DECIPHERING REGULATORY MECHANSIMS DRIVING DRAVET SYNDROME IN BRAIN ORGANOIDS

Dravet syndrome (DS) is one of the most common developmental epileptic encephalopathies (DEEs), characterized by early onset epilepsy and severe neurodevelopmental impairment. Brain organoids enable the recapitulation of developmental processes, molecular mechanisms underlying cell differentiation and mimic the spatial organization and structural architecture of the developing human brain. Furthermore, assembloids, created by integrating different types of organoids, allow us to study interactions driven by distinct genotypes, offering a more comprehensive model of brain development and disease mechanisms. In this project, we aim to understand potential defects in excitatory/inhibitory imbalance and neuronal migration in Dravet syndrome compared to control organoid models.
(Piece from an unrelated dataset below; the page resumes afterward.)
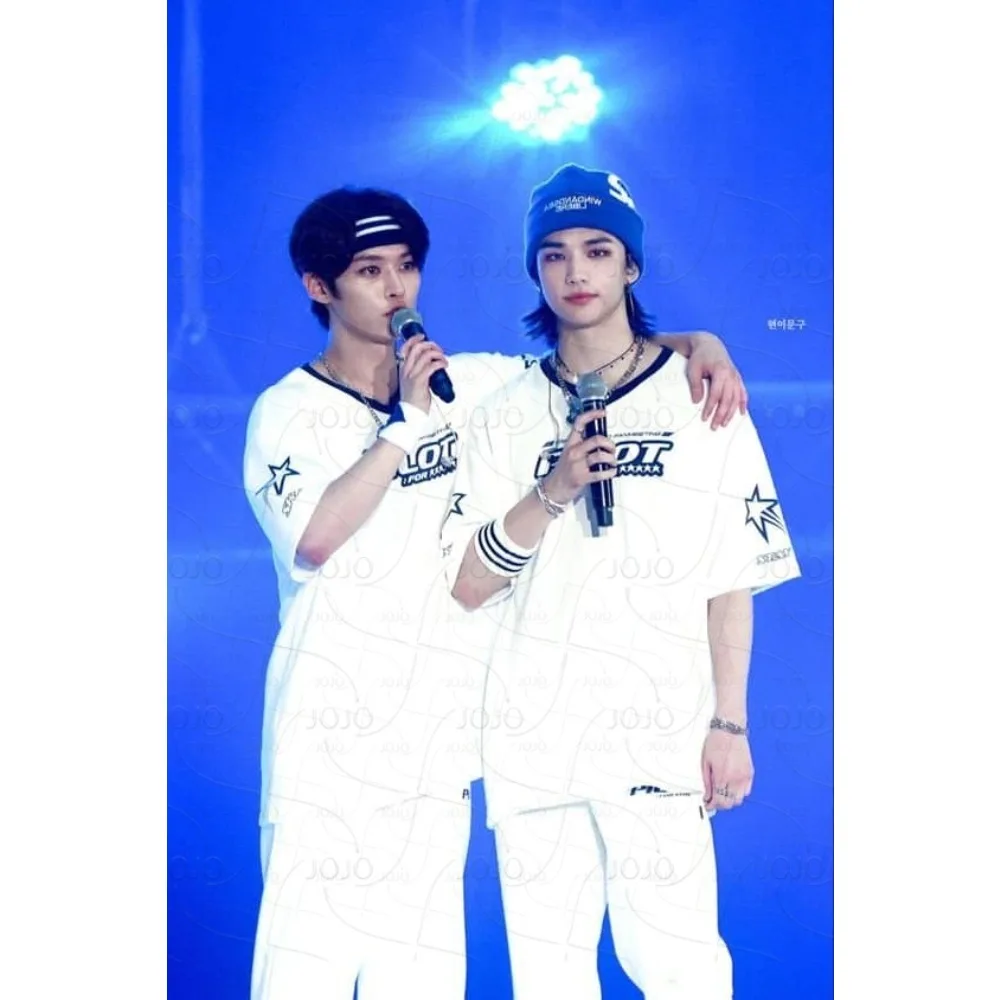 تي شيرت رجالي K-POP Stray Kids Five Star Album Merch Letter Graphic تي شيرت رجالي قابل للتنفس سريع الجفاف مريح أنيق كبير الحجم #2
To achieve this, we developed organoids and assembloids at different time points using unguided protocols (Lancaster (2014)) to explore how the cell environment influences chromatin accessibility and epigenetic regulation. Brain organoids and assembloids were generated from Dravet induced pluripotent stem cell line (iPSCs) and human control embryonic stem cell line (H9 line) with cherry reporter. We obtain (H9::mCherry), Dravet organoids and assembloids (H9::mcherry+DS) at day 90 and dissected them in three pieces obtaining three different regions: the DS14 derived region, the intersection region and the H9::mCherry enriched region. Chromatin accessibility was profiled using ATAC-seq and compared across organoids and assembloid regions. Interestingly, the intersection region clustered more closely with DS14 genotype than with H9 genotype. These findings suggest that the DS genotype may exert a dominant, non–cell-autonomous influence on the surrounding cellular environment. Further analyses are required to elucidate the molecular mechanisms underlying this effect.